= Alex Coles (art critic) =

British art historian

Alex Coles is an author and academic drawn to the borders between disciplines and genres.

Coles' current writing is devoted to music. Exploring the archetype of the intimate ballad singer, Crooner was published by Reaktion Books in 2023. Developing an analysis of the twisted love song, Tainted Love: From Nina Simone to Kendrick Lamar (Sternberg Press, 2023) followed and was launched with a roundtable debate at the Whitechapel Gallery and featured on Chris Hawkins' BBC6 breakfast show. Tracing the role of jazz as a catalyst in popular music, Fusion! From Alice Coltrane to Moor Mother is published by Sternberg Press in October 2024.

Coles' earlier writing focussed on design and art. DesignArt (Tate Publishing, 2005) triggered a debate about the interface between the two disciplines, while the edited anthology Design and Art (MIT Press/Whitechapel Publications, 2007) contextualised responses to it. The Transdisciplinary Studio (Sternberg Press, 2012) and the EP series (Sternberg Press 2013-) followed. Reviews of these books appeared in The New York Times, Icon, The Journal of Design History and Design Journal.

Essays were commissioned for the following exhibition catalogues and monographs: Konstantin Grcic: Champions (Flammarion, 2011); Ronan & Erwan Bouroullec: Bivouac (Centre Pompidou-Metz, 2012); Olafur Eliasson: Unspoken Spaces (Thames & Hudson, 2016); and Objects of Desire: Surrealism and Design (Vitra Design Museum, 2019).
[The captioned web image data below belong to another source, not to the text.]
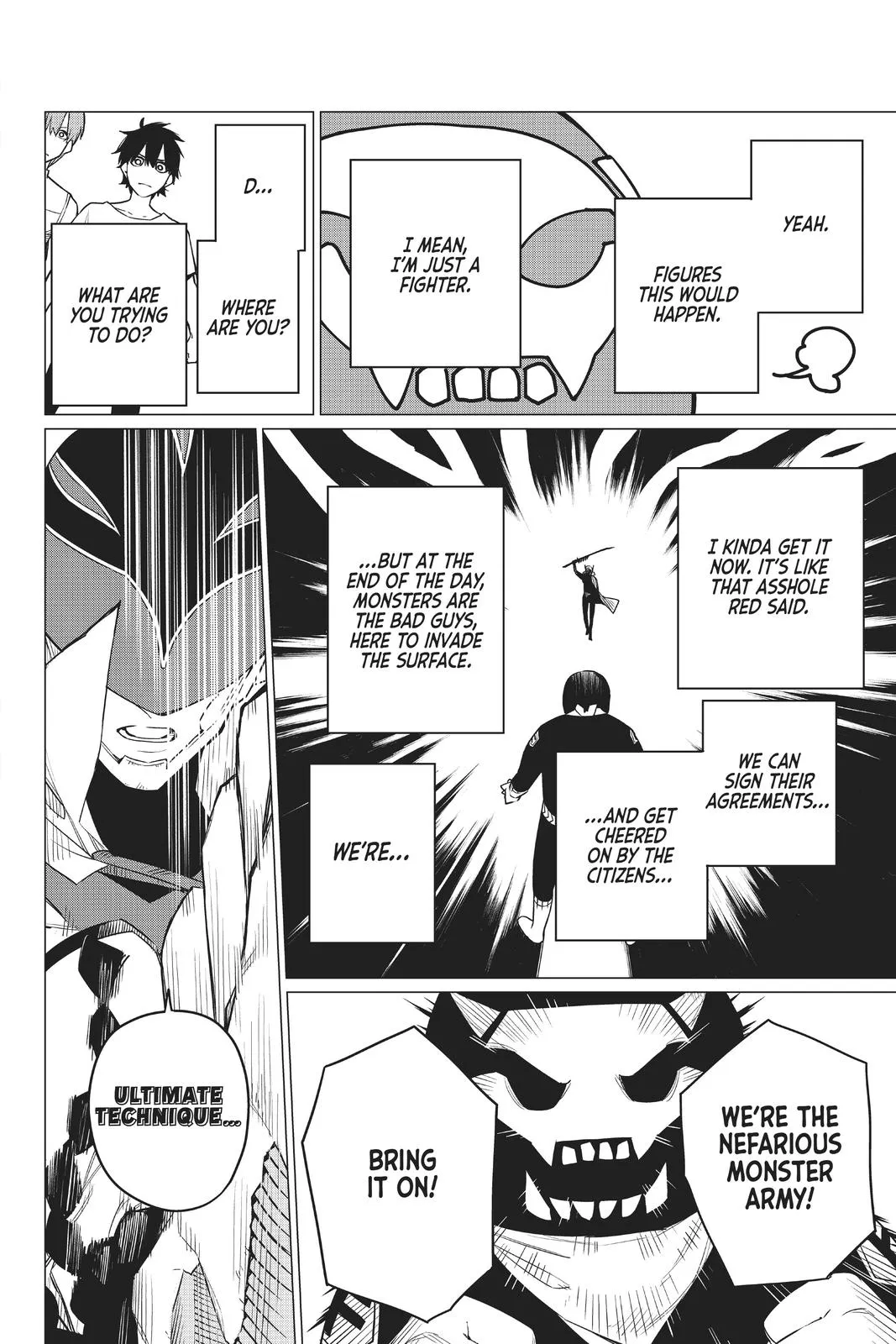 Read Go! Go! Loser Ranger! (en) Manga Online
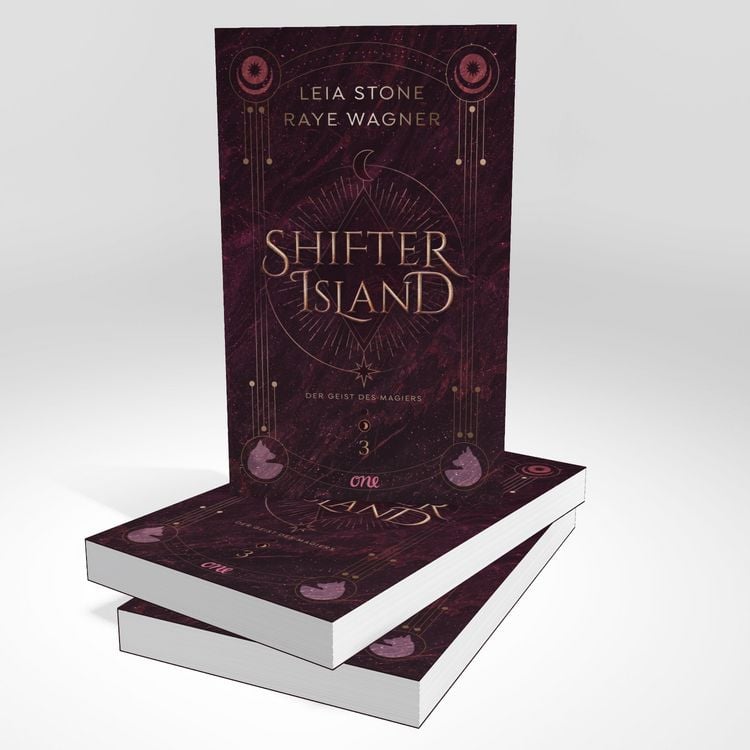 Produktbild: Shifter Island - Der Geist des Magiers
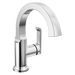 Delta Tetra: Single Handle Bathroom Faucet
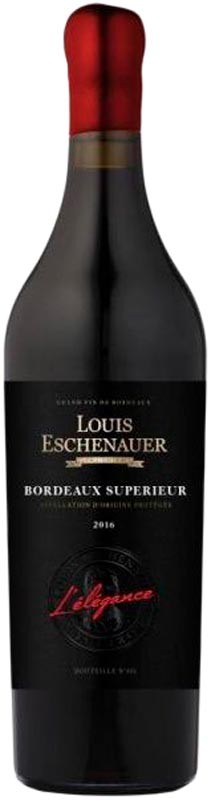 Вино Vang Louis Eschenauer Bordeaux Superieur красное сухое 13,5% 0,75л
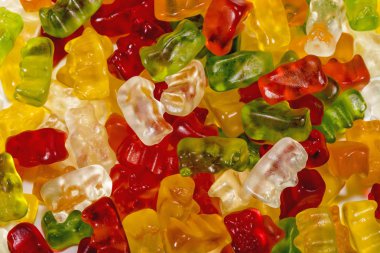 şeker renkleri ayılar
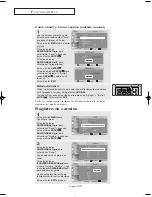 Предварительный просмотр 35 страницы Samsung LT-P326W Manual De Instrucciones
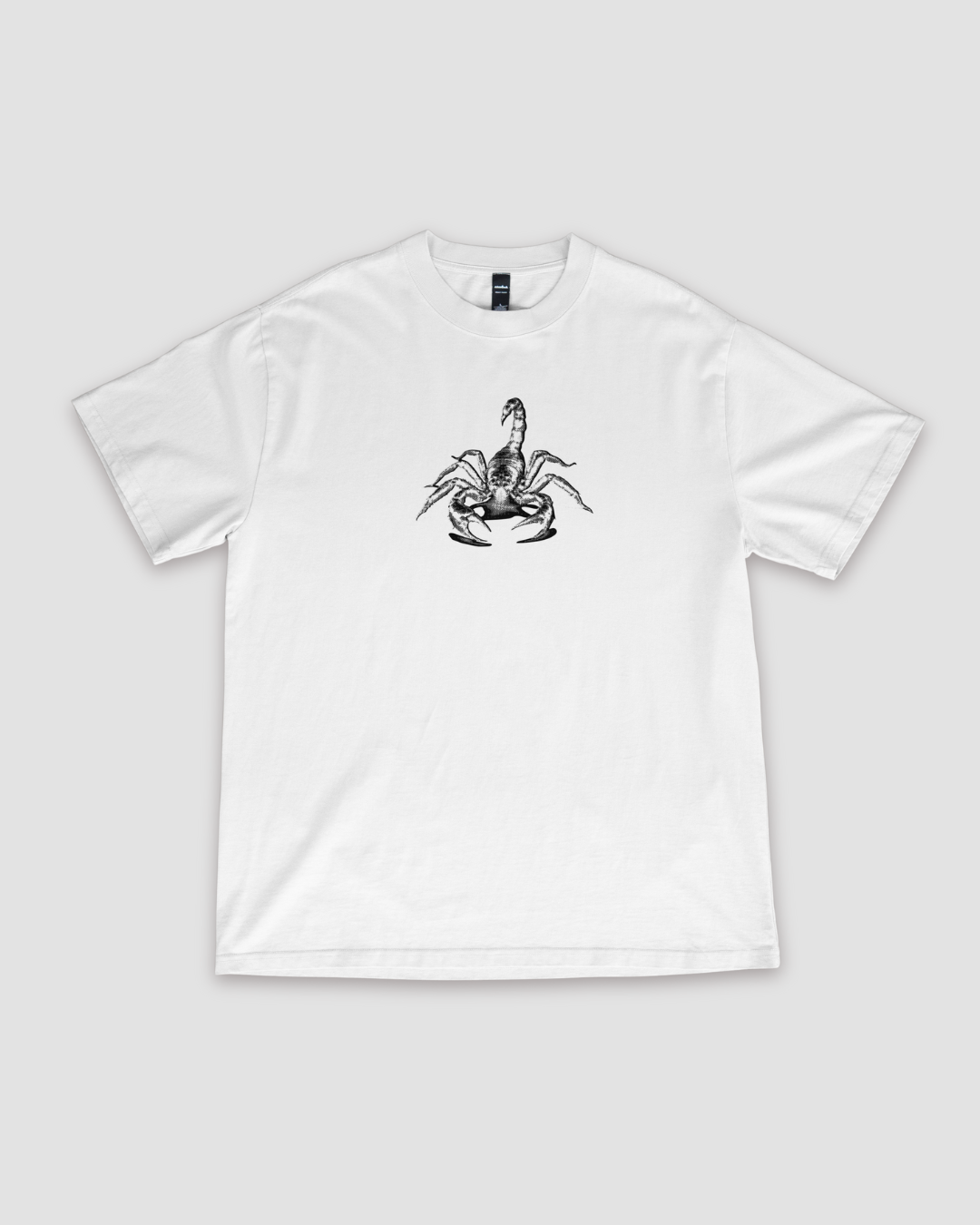 Nightcrawler Unisex Oversized T-Shirt - White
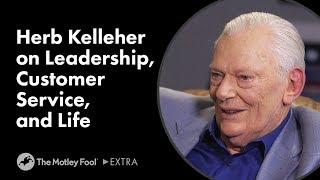 Interview Herb Kelleher Legendary CEO of Southwest Airines [upl. by Assetniuq]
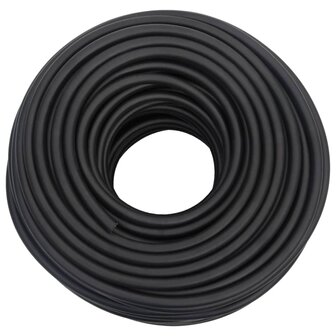 Luchtslang hybride 0,6&amp;apos;&amp;apos; 50 m rubber en PVC zwart 3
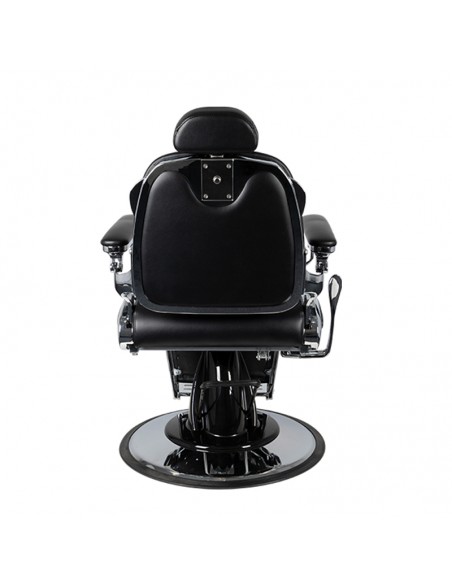 Gabbiano Black Barber Chair Pietro
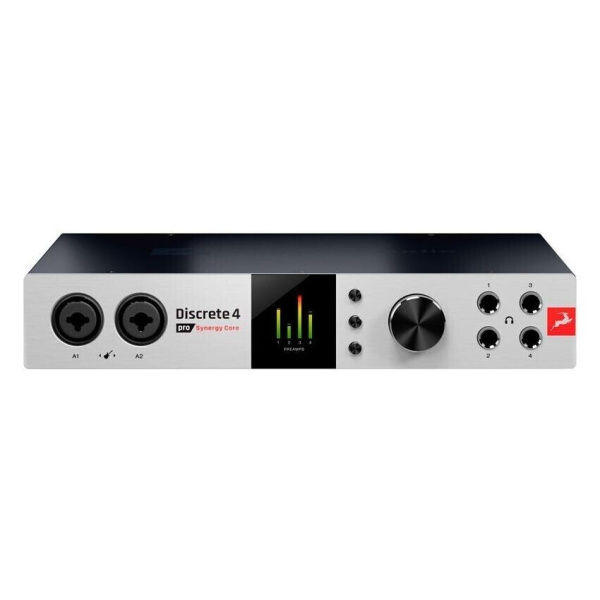 Antelope Audio Discrete 4 Pro Synergy Core по цене 157&nbsp;500 ₽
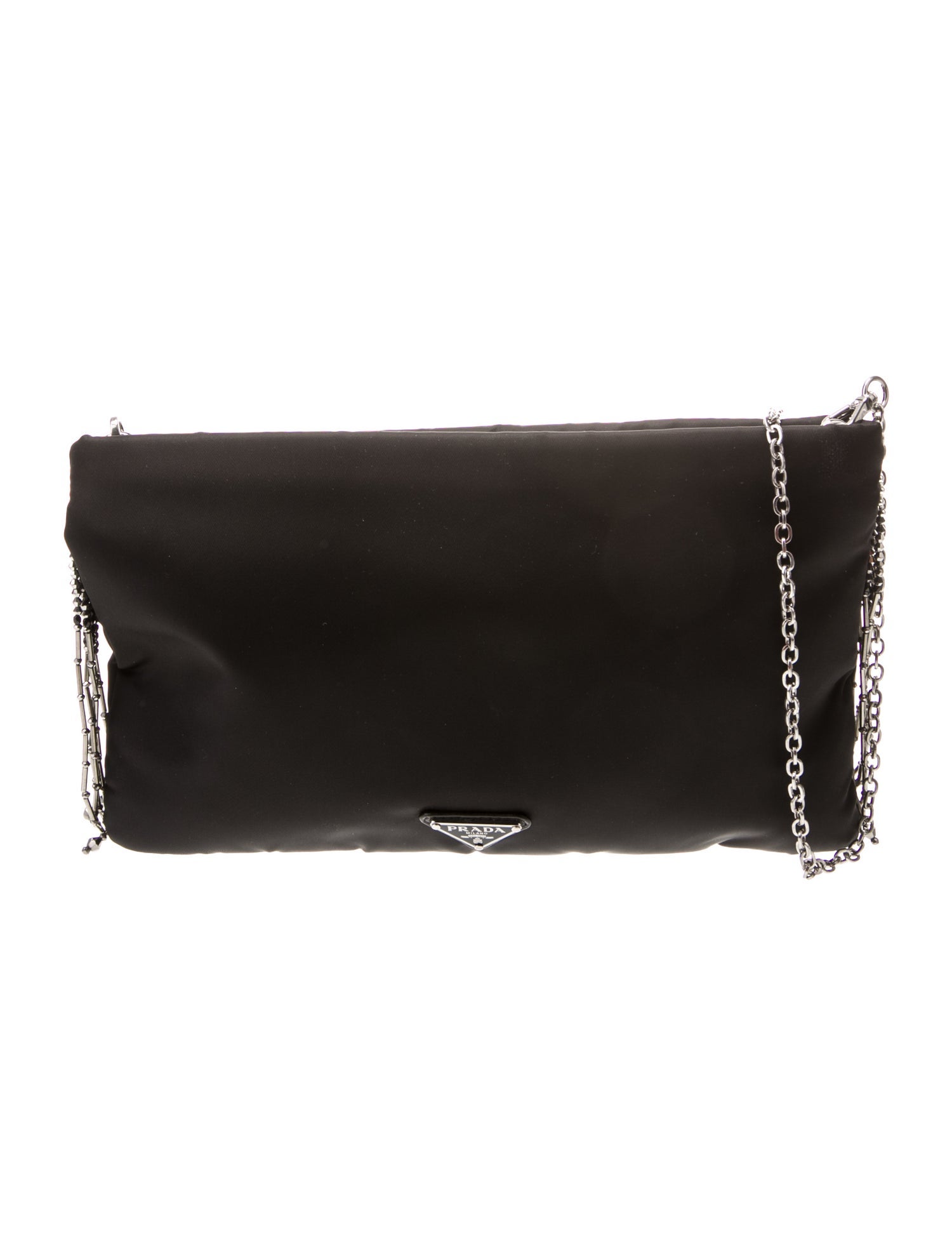 Prada Tessuto Nylon Clutch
Keynote lectures were presented at the conferences: Transforming Place, Tate Modern, 2013, In Need Of, Design Academy, Eindhoven, 2016, Design & Crafts in Dialogue, Nova Iskra, Belgrade, and Learning and Teaching, The University of the Arts, London, 2018.

== Academic posts ==
Coles is currently visiting professor at the University of Falmouth. Between 2011 and 2023 Coles was Professor in the School of Arts & Humanities at the University of Huddersfield.